Fuente: A pie y sin dinero (Facebook)

Os quiero presentar un texto realizado por nuestra amiga y seguidora de la página Carmen Navarro Fontán, versa sobre su tío el CLP Antonio Fontán Mateo caído en Alat Ida U Suggun en el marco de la operación Diana el tres de febrero de 1958 en el territorio de Ifni.

Carmen ha desenterrado recuerdos, vivencias e inquietudes familiares y personales, todo para que su tío no caiga en el olvido y esté presente en el marco de todos aquellos que fueron a luchar por España a esos territorios lejanos y no volvieron jamás.

Este escrito va dirigido a la memoria de un soldado paracaidista, mi tío, y a la de todos los soldados que dieron su vida por España en aquella “guerrita” como así la llamaron la misma tropa destinada en aquel conflicto armado de Ifn-Sáhara en 1957-1958. Sirva este relato como homenaje a aquellos valientes soldados, a los que salieron vivos y a los que allí fallecieron. A todos ellos, mi admiración y mi respeto.
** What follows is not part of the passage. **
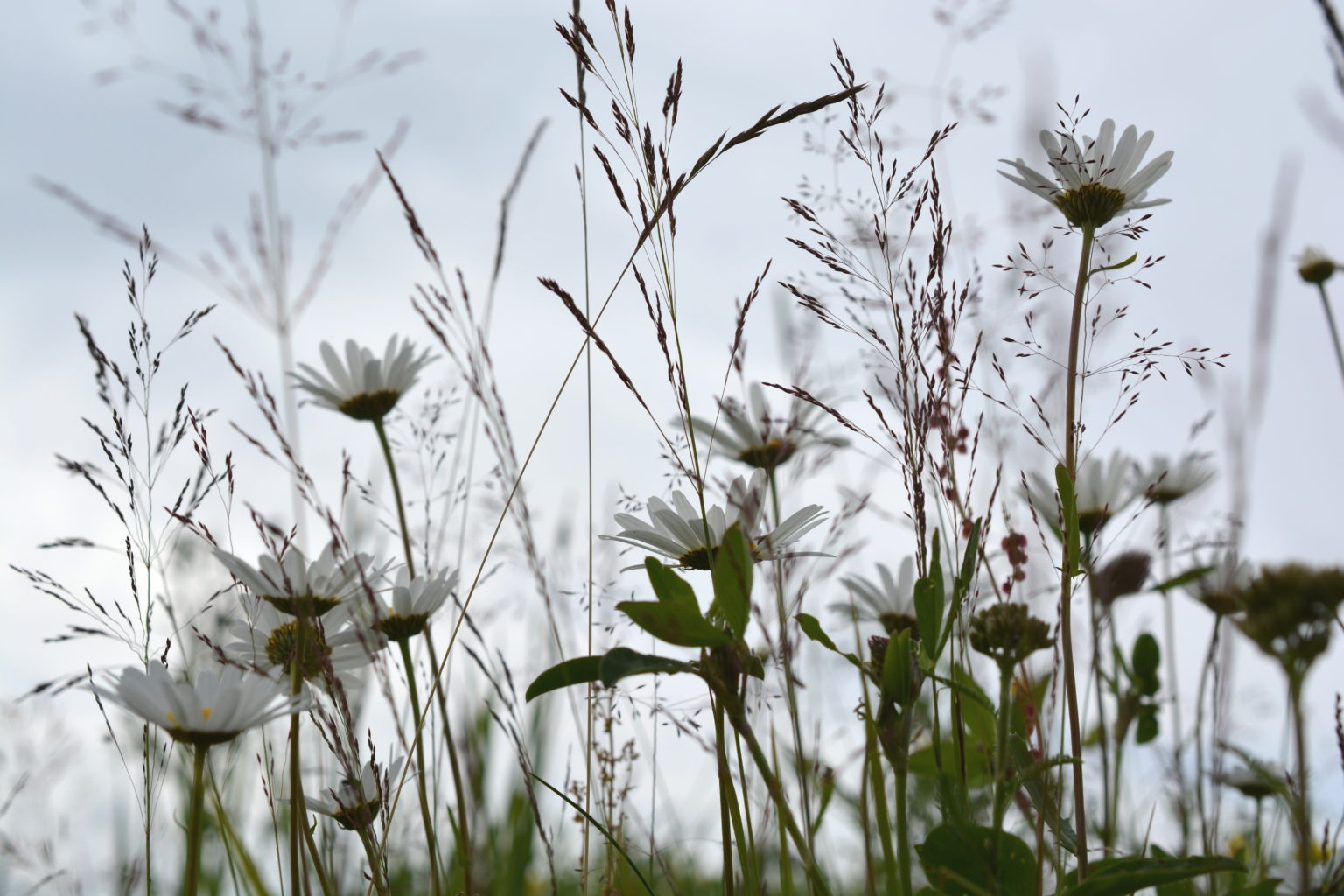 Valokuvaaja: MIKKO T.  SAVOLAINEN Valokuvaaja: MIKKO T.  SAVOLAINEN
CLP Antonio Fontán Mateo caído en Alat Ida U Suggun el tres de febrero de 1958.
CLP Antonio Fontán Mateo caído en Alat Ida U Suggun el tres de febrero de 1958.

Esta es la la historia de mi tío, de Antonio Fontán Mateo, CLP (Caballero Legionario Paracaidista) que falleció en Alat Ida U Suggun, durante la operación Diana el fatídico día 3 de febrero de 1958.

La vida de mi tío no fue muy diferente a la del resto de jóvenes de la postguerra considerando las pocas oportunidades de futuro que un pueblo como Cazalla de la Sierra ofrecía a hombres y a mujeres en una zona rural, simples jornaleros, sin patrimonio, sin estudios y, además, siendo hijo de un “cenetista” que había estado preso en varias ocasiones por su ideología política. Tras cumplir mi abuelo su condena por “rojo” y gracias a su experiencia y conocimiento con el ganado comenzó a trabajar como capataz de reses bravas en una de las muchísimas fincas que aún hoy existen en la comarca, siendo normal por aquellos tiempos que su hijo le acompañara para aprender el oficio. Mi abuelo murió demasiado joven debido a las múltiples cornadas recibida por una vaca al retirarle el novillo para su destete, con tan mala fortuna que se escapó de la soga a su ayudante embistiéndole varias veces con saña e hiriéndole de muerte pese a su traslado a Sevilla donde no pudo superar las infinitas cornadas que el animal le propinó para defender a su ternero y falleciendo días más tarde de su ingreso. Dejó viuda a mi abuela y a dos niños mellizos de 6 años, mi madre y mi tío Antonio, en plena y dura postguerra.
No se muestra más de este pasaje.